Lessons I learnt from Bedouins

Bedouin. Till the time I visited Jordan, this word had conjured an image of mysterious desert-bound nomad, dressed almost like a Sheikh.

About 40% of Jordanians are Bedouins. I met few of them in Petra and Wadi Rum … some had camels or donkeys to take us around, some were guides and some other were businessmen. Their way of looking at life while still connected to roots are things to learn for anybody.

Here’s what I learnt:

1. Modern Jordanians have a strong connection to their culture, heritage and ancient code of conduct. The men proudly wear Keffiyeh, the red checkered scarf locally known as the Shemagh mhadab, indicating they are Jordanian.

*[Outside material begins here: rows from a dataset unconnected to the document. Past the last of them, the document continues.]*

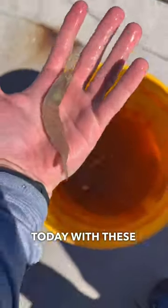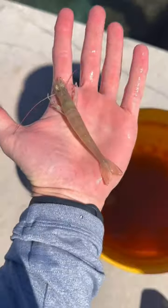Let's see what we can catch today with these live shrimp at one of our favorite spots. That's a nice live one, and this guy actually got away. Good for him.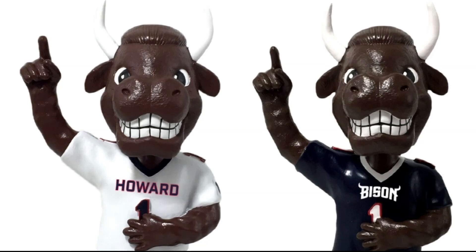Just in case you didn't know, there is a National Bobblehead Hall of Fame and Museum, and yesterday it added a little DC flavor to it and unveiled its first Howard University Bison Bobblehead. Take a look here.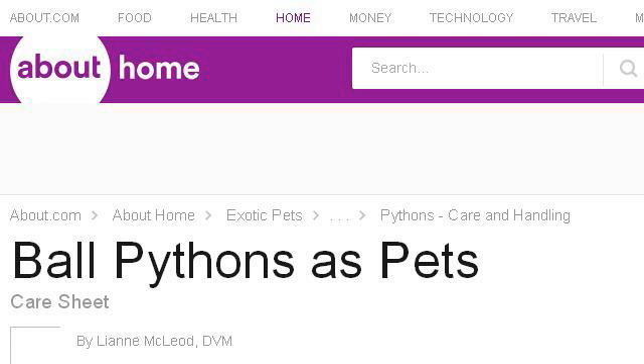The most helpful site to learn about Lighting Requirements for Ball Pythons is exoticpets.about.com. See the page titled Ball Python Care Sheet. This is the link.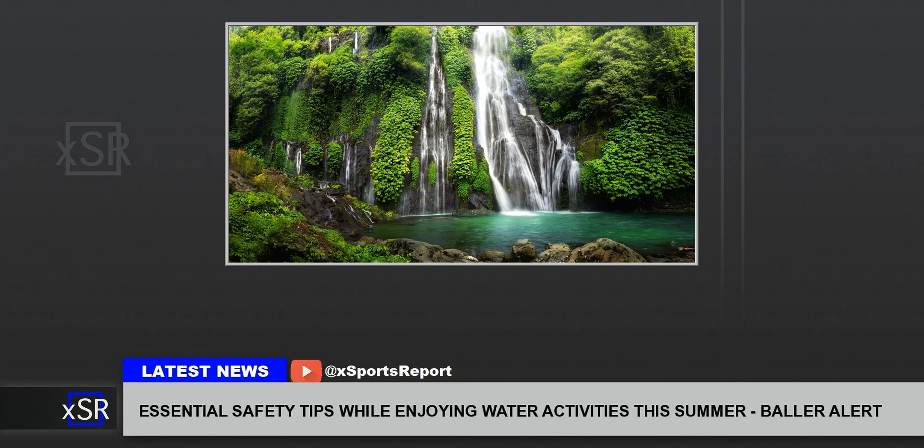As the summer sun invites us to cool off in refreshing waters, safety should be the top priority for all aquatic adventures. Whether you're planning to spend your days at the beach, by a pool, or on a boat, knowing how to stay safe can greatly enhance your summer experiences. Here are some crucial water safety tips to keep you and your loved ones protected this summer.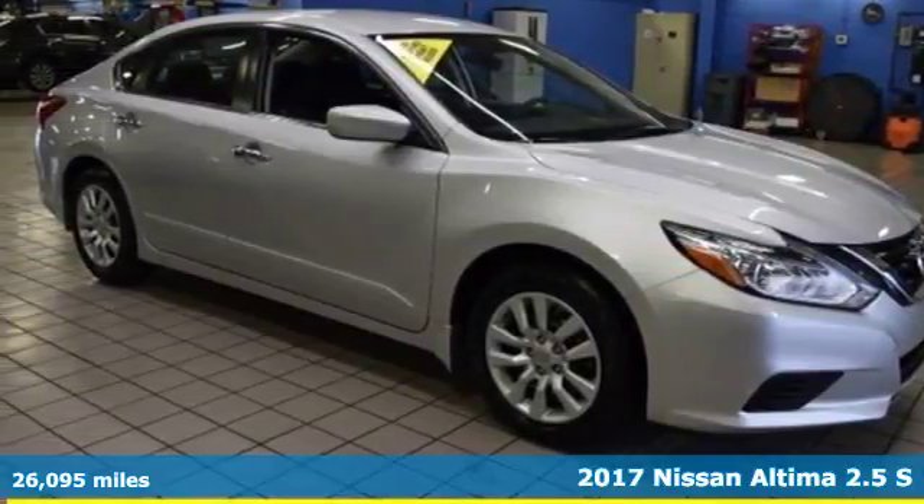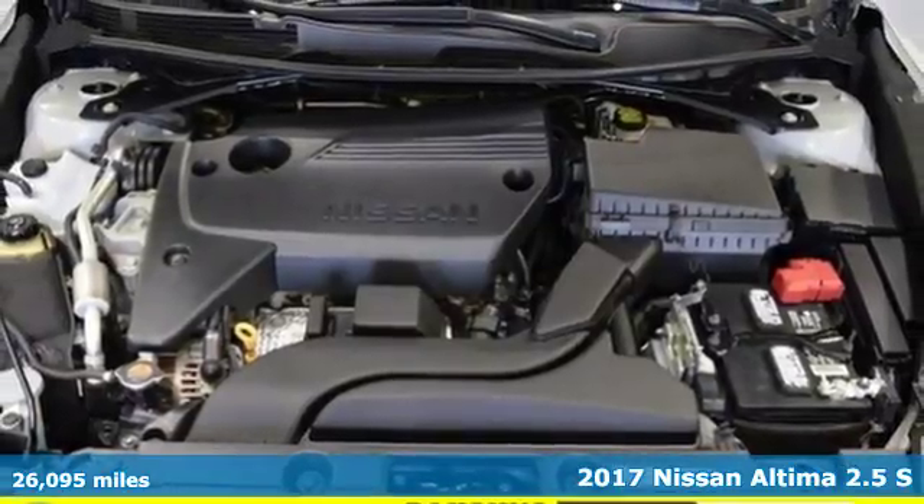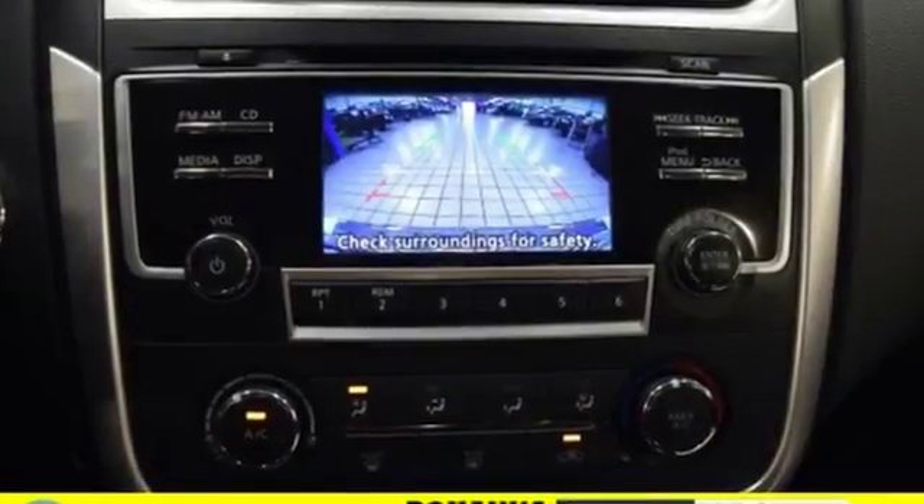It's a 2017 Nissan Altima. Accelerate your pulse in this aggressive Altima. The responsive X-Tronic CVT gives you a little zip when you need it, while active understeer control makes the sharpest turn feel like a straightaway.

2. In the past, the Bedouins used to be nomads, traveling through the desert looking for food and water. Now some of them live in small settlements in the deserts. In Jordan it is compulsory for every child to go to school till grade twelve, and so now we see that the entire present generation is educated, if not the earlier.

3. Bedouins are famous for their hospitality. If you happen to visit a Bedouin tent, the first thing the host would do is to offer you a cup of hot aromatic Arabic tea. Coffee is also traditional but tea is considered to be more social. A fire always keeps going … for the next pot of tea or coffee.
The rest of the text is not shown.